What the task asks: Would you write out the full listing exactly, without any pictures?

Data:

[Start of Attachment]

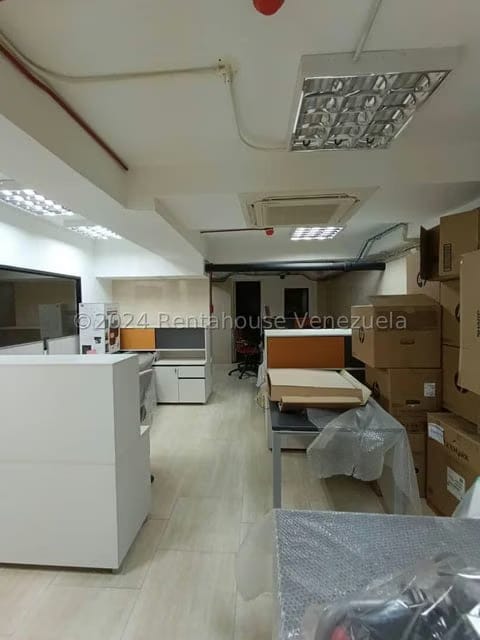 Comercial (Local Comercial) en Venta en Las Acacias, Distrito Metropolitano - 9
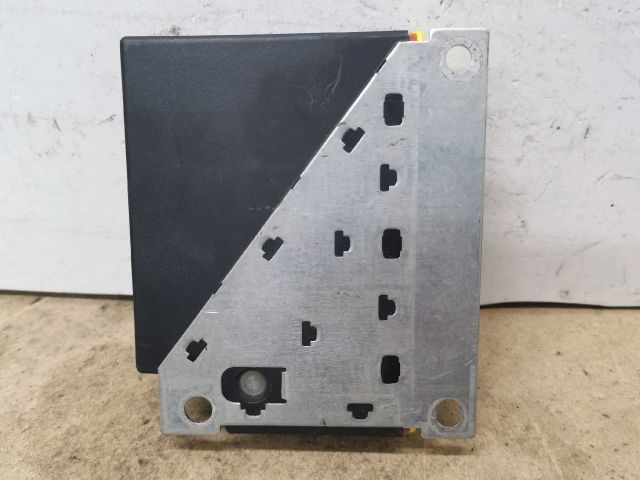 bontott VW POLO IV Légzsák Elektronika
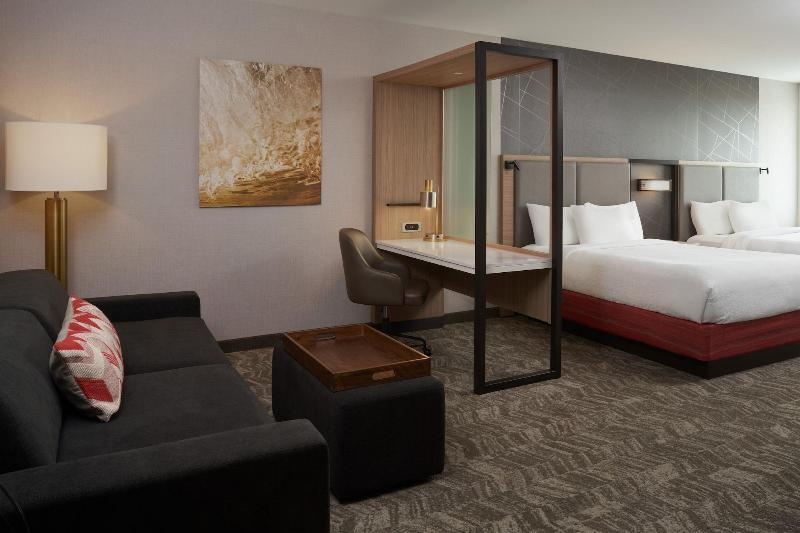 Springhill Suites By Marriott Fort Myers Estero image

[End of Attachment]

Exercise answer:
 Comercial (Local Comercial) en Venta en Las Acacias, Distrito Metropolitano - 9
 bontott VW POLO IV Légzsák Elektronika
 Springhill Suites By Marriott Fort Myers Estero image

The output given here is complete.